The curtain was pulled back, so that Anna could see her. Her cheeks
were round with rouge. 

     The stage was not deep. Mrs. Mountchessington stood on it with
her daughter, Augusta, and Asa Trenchard. 

     "All I crave is affection," Augusta was saying. She shimmered
with insincerity. 

     Anna repeated the lines to herself. She imagined herself as an
actress, married to JW, courted by him daily before an audience of a
thousand, in a hundred different towns. They would play the love
scenes over and over again, each one as true as the last. She would
hardly know where her real and imaginary lives diverged. She didn't
suppose there was much money to be made, but even to pretend to
be rich seemed like happiness to her. 

     Augusta was willing to be poor, if she was loved. "Now I've no
fortune," Asa said to her in response, "but I'm biling over with
affections, which I'm ready to pour out all over you, like apple sass,
over roast pork." 

     The women exited. He was alone on the stage. Anna could see
Laura Keene mouthing his line, just as he spoke it. The woman
seated next to her surprised her by whispering it aloud as well. 

     "Well, I guess I know enough to turn you inside out, old gal, you
sockdologizing old man-trap," the three of them said. Anna turned
to her seatmate who stared back. Her accent, Anna thought, had
been English. "Don't you love theater?" she asked Anna in a
whisper. Then her face changed. She was looking at something
above Anna's head. 

     Anna looked, too. Now she understood the woman's expression.
John Wilkes Booth was standing in the Presidential Box, staring
down on the actor. Anna rose. Her seatmate caught her arm. She was
considerably older than Anna, but not enough so that Anna could
entirely dismiss her possible impact on Booth. 

     "Do you know him?" the woman asked. 

     "He's a friend of my brother's." Anna had no intention of
introducing them. She tried to edge away, but the woman still held
her. 

     "My name is Cassie Streichman." 

     "Anna Surratt." 

     There was a quick, sideways movement in the woman's eyes.
"Are you related to Mary Surratt?" 

     "She's my mother." Anna began to feel just a bit of concern. So
many people interested in her dull, sad mother. Anna tried to shake
loose, and found, to her surprise, that she couldn't. The woman
would not let go. 

     "I've heard of the boarding house," Mrs. Streichman said. It was
a courtesy to think of her as a married woman. It was more of a
courtesy than she deserved. 

     Anna looked up at the box again.
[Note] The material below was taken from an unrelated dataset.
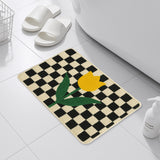 Feblilac Yellow Tulip Checkerboard Bath Mat – Cute Floral Tufted Rug for Bathroom, Entryway & Bedroom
Booth was already gone. "Let
me go," she told Mrs. Streichman, so loudly that Laura Keene
herself heard. So forcefully that Mrs. Streichman finally did so. 

     Anna left the theater. The streets were crowded and she could not
see Booth anywhere. Instead, as she stood on the bricks, looking left
and then right, Mrs. Streichman caught up with her. "Are you going
home? Might we walk along?" 

     "No. I have errands," Anna said. She walked quickly away. She
was cross now, because she had hoped to stay and look for Booth,
who must still be close by, but Mrs. Streichman had made her too
uneasy. She looked back once. Mrs. Streichman stood in the little
circle of her friends, talking animatedly. She gestured with her hands
like a European. Anna saw Booth nowhere. 
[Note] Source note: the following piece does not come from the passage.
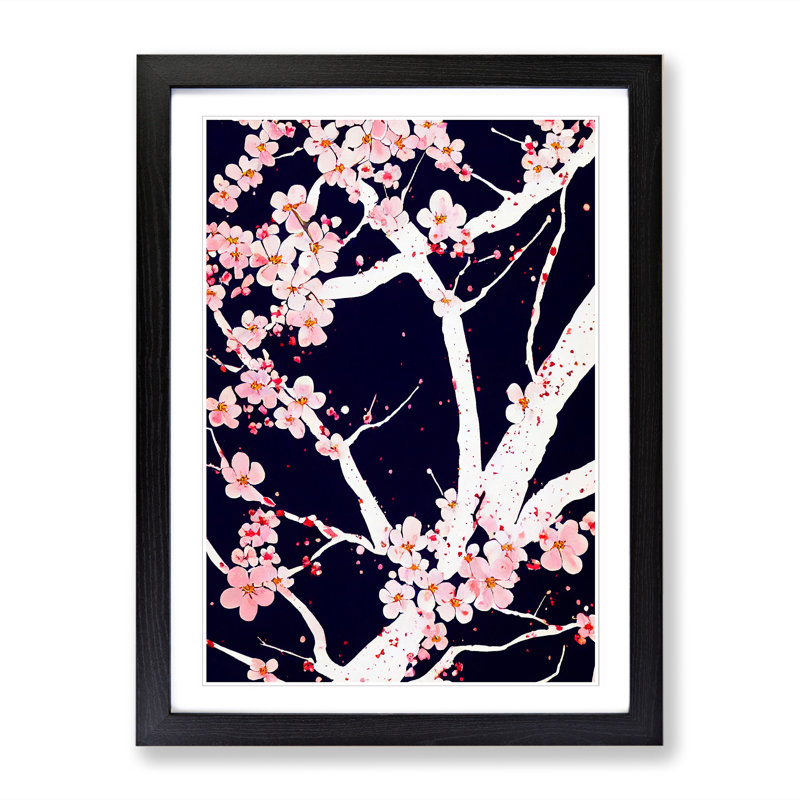 Cherry Blossom Tree Splatter Vol.3 - Single Picture Frame Print, 64cm H x 46cm W, Black Framed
     She went back along the streets to St. Patrick's Church, in search
of her mother. It was noon and the air was warm in spite of the
colorless sun. Inside the church, her mother knelt in the pew and
prayed noisily. Anna slipped in beside her. 

     "This is the moment," her mother whispered. She reached out
and took Anna's hand, gripped it tightly enough to hurt. Her
mother's eyes brightened with tears. "This is the moment they nailed
him to the cross," she said. There was purple cloth over the crucifix.
The pallid sunlight flowed into the church through colored glass. 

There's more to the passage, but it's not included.